Après la Grèce, c'est donc l'Irlande qui est acculée à demander de l'aide européenne pour faire face à ses difficultés financières. La situation est pourtant différente. En Grèce, tout le monde est coupable. Le pays a vécu longtemps et pratiquement consciemment au dessus de ses moyens. Les avantages sociaux étaient nombreux mais non financés. Le déficit public, forcément colossal, était lui soigneusement caché... ne rendant que plus dur le retour à la réalité. En Irlande, le système était quand même meilleur à la base. Le pays attirait les capitaux étrangers, qui permettaient le développement de filiales dans un pays donnant accès à l'ensemble des marchés européens, avec une main d'œuvre de bonne qualité. Le souci était que le pays était d'une part habitué à une croissance forte, rendant très douloureux tout ralentissement économique, et d'autre part la dérégulation avait permis la croissance de banques imprudentes. Celles-ci ont pris de plein fouet à la fois l'éclatement de la bulle immobilière irlandaise (permise par la surchauffe économique) et les difficultés financières de leurs homologues américaines, britanniques et islandaises.

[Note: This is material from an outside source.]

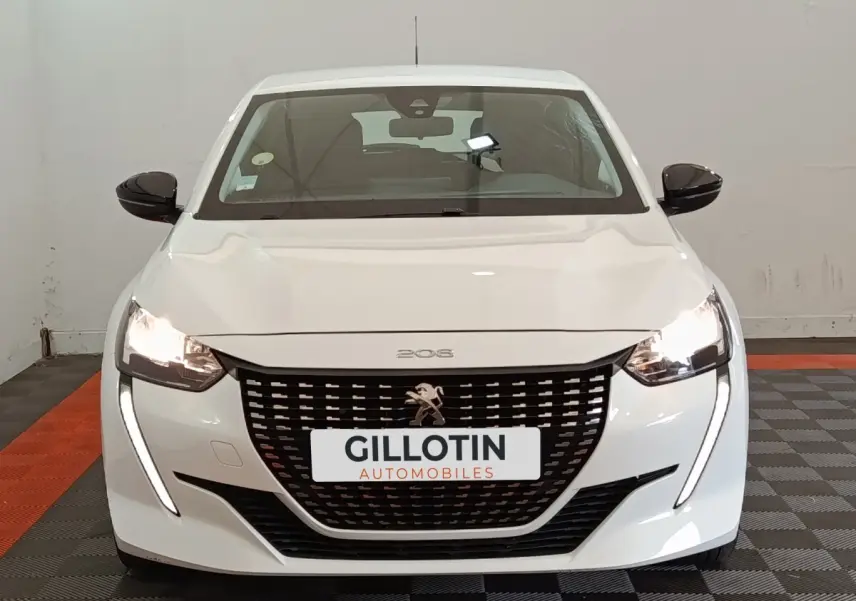 Vue avant d'une Peugeot 208 blanche avec feux allumés et calandre noire distinctive dans un showroom.
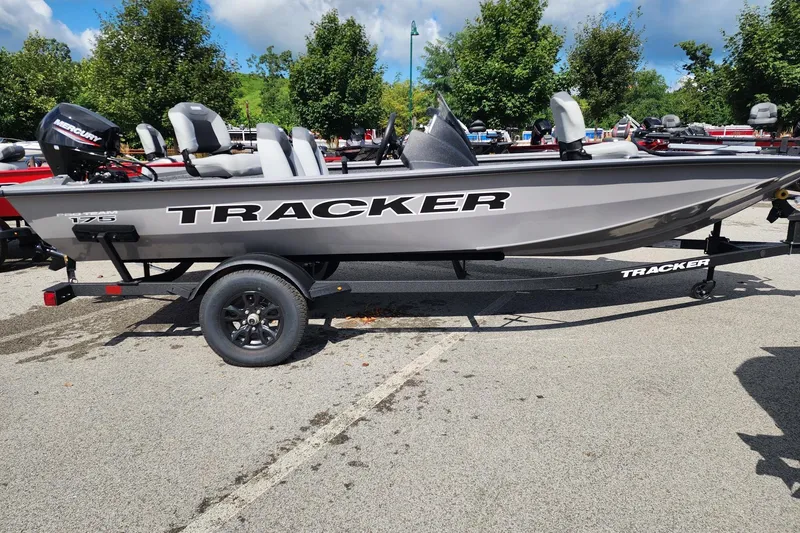 The Image of 2027 Tracker Pro Team 175 boat on trailer, parked outdoors, with trees in background. - 0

Le gouvernement irlandais a choisi de sauver ses banques en en garantissant les dépôts. La décision de l'administration Bush de ne pas sauver Lehman Brothers avait eu place prépondérante dans l'aggravation de la crise mondiale. En conséquence, l'aide accordée est immense. Le pays prend en fin de compte en charge les pertes de ses banques, aboutissant à des déficits publics exceptionnels records. L'Irlande aurait du pouvoir assumer cette charge. Elle avait d'ores et déjà pris des mesures pour en tirer les leçons et réformer le pays.

Hors les discussions européennes sur le Fonds Européens de Stabilité Financière ont rendu les marchés financiers très nerveux. La volonté de l'Allemagne que toute aide à un pays européen s'accompagne de la restructuration de sa dette et donc de pertes pour les créanciers a même créé une belle panique. Cela se traduit par un renchérissement des taux d'intérêts, et des attaques contre les titres des pays perçus comme les plus fragiles financièrement... ici, l'Irlande donc. Cela a encore dégradé la santé financière du pays, et poussé son Premier ministre Brian Cowen à demander l'aide de l'Union Européenne et du FMI, après avoir pourtant proclamé précédemment qu'il n'en ferait rien. Cela a déjà provoqué une crise politique : il n'y survivra pas. L'Irlande va au devant d'élections législatives anticipées, et l'Europe se retrouve avec une crise supplémentaire à gérer.

Mais il n'est pas dit que cela suffise à calmer les marchés, en plaine folie furieuse. A ce stade, on est plus du tout dans le domaine du rationnel. Nous sommes encore dans un cas typique de dilemme du prisonnier qui remet fondamentalement en cause la valeur des marchés. Chaque individu, en croyant servir son propre intérêt, ne fait que desservir l'intérêt du groupe entier. Les agents tentent donc de se désengager de titres perçus comme risqués, accroissant eux-même le risque dans un cercle vicieux de prophéties auto-réalisatrices marqué par la déraison collective.

Quand la Grèce ne peut s'en prendre qu'à elle-même, l'Irlande peut se dire que les marchés financiers lui font payer sa volonté de sauver ses banques, ses banques dont la faillite aurait encore plus affecté ces mêmes marchés financiers. A peu près tout le monde sait que les marchés sont en fait bien peu rationnels, n'hésitant pas parfois à travailler pour leur propre perte en entraînant tout ce qui se trouve à côté. Ce n'est d'ailleurs pas ça le drame. Le drame, c'est de devoir y avoir recours.